Dottor G. la "bambina" che è in me, come la chiama lei, sta capendo la sensatezza di quel cinismo tanto decantato (ma solo a parole) durante gli anni (retrospettivamente non così tanto) tormentati dell'adolescenza. Nel teatro spesso grottesco dell’esistenza, ci troviamo costantemente a fare i conti con le nostre illusioni e con i fantasmi opprimenti della memoria, degli schemi mentali sedimentati che ci obbligano alla ripetizione estenuante di comportamenti e interpretazioni. Questo un po’ l’ho imparato con lei.
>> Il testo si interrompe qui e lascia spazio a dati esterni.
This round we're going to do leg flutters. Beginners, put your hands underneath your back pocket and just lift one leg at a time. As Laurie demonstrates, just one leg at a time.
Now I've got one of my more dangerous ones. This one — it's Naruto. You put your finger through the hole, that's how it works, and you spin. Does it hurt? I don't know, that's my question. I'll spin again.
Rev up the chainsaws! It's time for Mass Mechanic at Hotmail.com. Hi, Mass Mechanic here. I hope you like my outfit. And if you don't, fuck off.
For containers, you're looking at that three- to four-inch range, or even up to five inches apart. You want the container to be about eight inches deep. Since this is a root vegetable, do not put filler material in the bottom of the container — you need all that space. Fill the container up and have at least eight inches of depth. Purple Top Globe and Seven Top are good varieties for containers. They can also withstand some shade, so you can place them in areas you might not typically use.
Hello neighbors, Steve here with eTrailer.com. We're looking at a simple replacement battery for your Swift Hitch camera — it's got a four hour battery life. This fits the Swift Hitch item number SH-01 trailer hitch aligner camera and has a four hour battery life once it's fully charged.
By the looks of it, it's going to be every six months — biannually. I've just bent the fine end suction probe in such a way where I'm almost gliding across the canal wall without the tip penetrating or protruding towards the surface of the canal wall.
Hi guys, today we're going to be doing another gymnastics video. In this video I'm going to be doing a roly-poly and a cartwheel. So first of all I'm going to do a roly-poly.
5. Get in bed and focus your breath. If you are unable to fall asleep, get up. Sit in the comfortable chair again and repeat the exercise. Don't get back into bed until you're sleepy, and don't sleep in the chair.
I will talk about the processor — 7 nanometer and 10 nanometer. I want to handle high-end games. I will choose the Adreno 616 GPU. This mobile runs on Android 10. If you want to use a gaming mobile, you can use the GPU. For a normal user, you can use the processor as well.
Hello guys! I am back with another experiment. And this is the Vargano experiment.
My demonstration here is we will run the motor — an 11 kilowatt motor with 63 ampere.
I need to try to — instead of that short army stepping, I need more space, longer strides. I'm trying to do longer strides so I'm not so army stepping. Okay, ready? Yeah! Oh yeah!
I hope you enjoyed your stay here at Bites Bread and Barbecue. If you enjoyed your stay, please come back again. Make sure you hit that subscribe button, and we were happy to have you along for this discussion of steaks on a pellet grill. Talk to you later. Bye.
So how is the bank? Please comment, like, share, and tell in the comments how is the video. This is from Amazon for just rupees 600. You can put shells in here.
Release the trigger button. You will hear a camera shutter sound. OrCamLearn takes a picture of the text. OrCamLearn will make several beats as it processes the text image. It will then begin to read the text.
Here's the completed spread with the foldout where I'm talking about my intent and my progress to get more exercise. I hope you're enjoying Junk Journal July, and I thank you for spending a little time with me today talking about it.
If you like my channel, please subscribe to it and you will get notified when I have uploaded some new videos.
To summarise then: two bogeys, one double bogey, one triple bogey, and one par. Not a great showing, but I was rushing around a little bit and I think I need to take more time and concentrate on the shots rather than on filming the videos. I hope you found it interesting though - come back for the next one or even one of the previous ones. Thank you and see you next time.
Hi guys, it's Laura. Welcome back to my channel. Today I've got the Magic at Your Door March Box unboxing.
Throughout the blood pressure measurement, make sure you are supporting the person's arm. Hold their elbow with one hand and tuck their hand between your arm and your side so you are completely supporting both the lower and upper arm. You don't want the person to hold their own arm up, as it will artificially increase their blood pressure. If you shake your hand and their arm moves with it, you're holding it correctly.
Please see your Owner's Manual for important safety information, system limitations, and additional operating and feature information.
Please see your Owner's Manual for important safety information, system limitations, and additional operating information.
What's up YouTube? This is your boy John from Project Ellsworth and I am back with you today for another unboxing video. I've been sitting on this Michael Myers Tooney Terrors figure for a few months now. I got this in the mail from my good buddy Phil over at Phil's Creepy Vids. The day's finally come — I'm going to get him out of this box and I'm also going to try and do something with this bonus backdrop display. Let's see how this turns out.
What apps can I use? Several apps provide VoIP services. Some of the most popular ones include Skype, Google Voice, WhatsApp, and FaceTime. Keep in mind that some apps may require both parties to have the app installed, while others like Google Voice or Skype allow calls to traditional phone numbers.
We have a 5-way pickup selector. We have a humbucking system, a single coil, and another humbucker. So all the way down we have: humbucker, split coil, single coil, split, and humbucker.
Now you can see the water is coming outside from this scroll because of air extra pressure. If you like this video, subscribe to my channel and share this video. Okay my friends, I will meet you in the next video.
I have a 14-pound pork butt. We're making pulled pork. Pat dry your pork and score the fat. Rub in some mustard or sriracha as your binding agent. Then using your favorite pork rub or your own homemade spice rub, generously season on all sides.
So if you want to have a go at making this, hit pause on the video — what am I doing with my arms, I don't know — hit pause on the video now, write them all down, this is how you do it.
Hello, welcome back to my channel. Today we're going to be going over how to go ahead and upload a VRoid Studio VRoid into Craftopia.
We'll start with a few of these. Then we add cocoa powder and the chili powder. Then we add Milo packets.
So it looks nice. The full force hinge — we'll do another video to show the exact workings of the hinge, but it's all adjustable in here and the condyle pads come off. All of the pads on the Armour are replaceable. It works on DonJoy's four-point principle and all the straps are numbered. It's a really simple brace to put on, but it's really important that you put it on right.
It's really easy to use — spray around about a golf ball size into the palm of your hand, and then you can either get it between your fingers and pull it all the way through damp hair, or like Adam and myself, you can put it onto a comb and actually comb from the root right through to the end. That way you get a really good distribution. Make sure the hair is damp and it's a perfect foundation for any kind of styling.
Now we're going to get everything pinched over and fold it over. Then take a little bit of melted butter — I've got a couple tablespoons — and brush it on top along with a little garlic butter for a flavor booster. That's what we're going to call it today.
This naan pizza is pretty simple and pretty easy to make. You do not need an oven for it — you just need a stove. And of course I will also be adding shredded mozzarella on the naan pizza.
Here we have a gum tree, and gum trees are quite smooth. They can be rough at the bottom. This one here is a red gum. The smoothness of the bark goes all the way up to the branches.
Ma voglio ridimensionare l’influenza mente-corpo,  e inserirmi nella corrente mente-catta che ci vuole tutti cyborg iper razionali e automatici, andando contro decenni di neuroscienze e psicoanalisi, e quindi contro la poltrona Frau che le ho pagato con i miei tormenti psicologici, perché voglio andare contro la me nascosta che vorrebbe urlare ma non trova parole per farlo e che mi tormenta con tic nervosi, insonnie, fobie, nausee e pianti isterici. Non lo so se voglio educarmi al riconoscimento delle emozioni, perché anche se sono ossessionata dalle domande, forse in realtà non vorrei ricevere alcuna risposta, se non altro per il terrore ancestrale che la risposta non corrisponda a ciò che vorrei che fosse. Allora, in barba dei suoi schemi junghiani sulla lavagnetta dello studio, questo tremore che mi affanna, non è risultante psicosomatica del mio pensiero ossessivo, ma riflesso automatico al freddo proveniente da fuori, e che mi sono imposta di non accettare perché il sole ne tradisce l’appercezione, stimolando fantasie di calore primaverile. Questo mio vuoto silente interno al lobo temporale non è il tentativo della mia mente di tacersi, obnubilarsi dalle sue angosce, ma mancanza di sonno, meccanica risposta corporea ad una deficienza oggettiva.  Questa mia inappetenza non è indotta dal nervosismo conturbante che mi assale quando rimugino sulle mie perdite, ma è il rifiuto del mio corpo al solo pensiero della penuria alimentare che ho in frigo. Che amarezza.
 La vita è fatta di scelte semplici, è il pensiero delle ripercussioni di cui non sappiamo nulla che ci tormenta e ci rende impossibili le scelte nel presente. “Destino”, “cestino”… La differenza semantica è abissale ma quella grafica è sottile come il filo di fiato che emetto quando il pensiero si fa più insistente e il battito accelerato.  Elementi di instabilità da chiarire. Bah... E che penuria davvero, il mio frigo...

Ma aspetti un attimo: ho le spinacine congelate.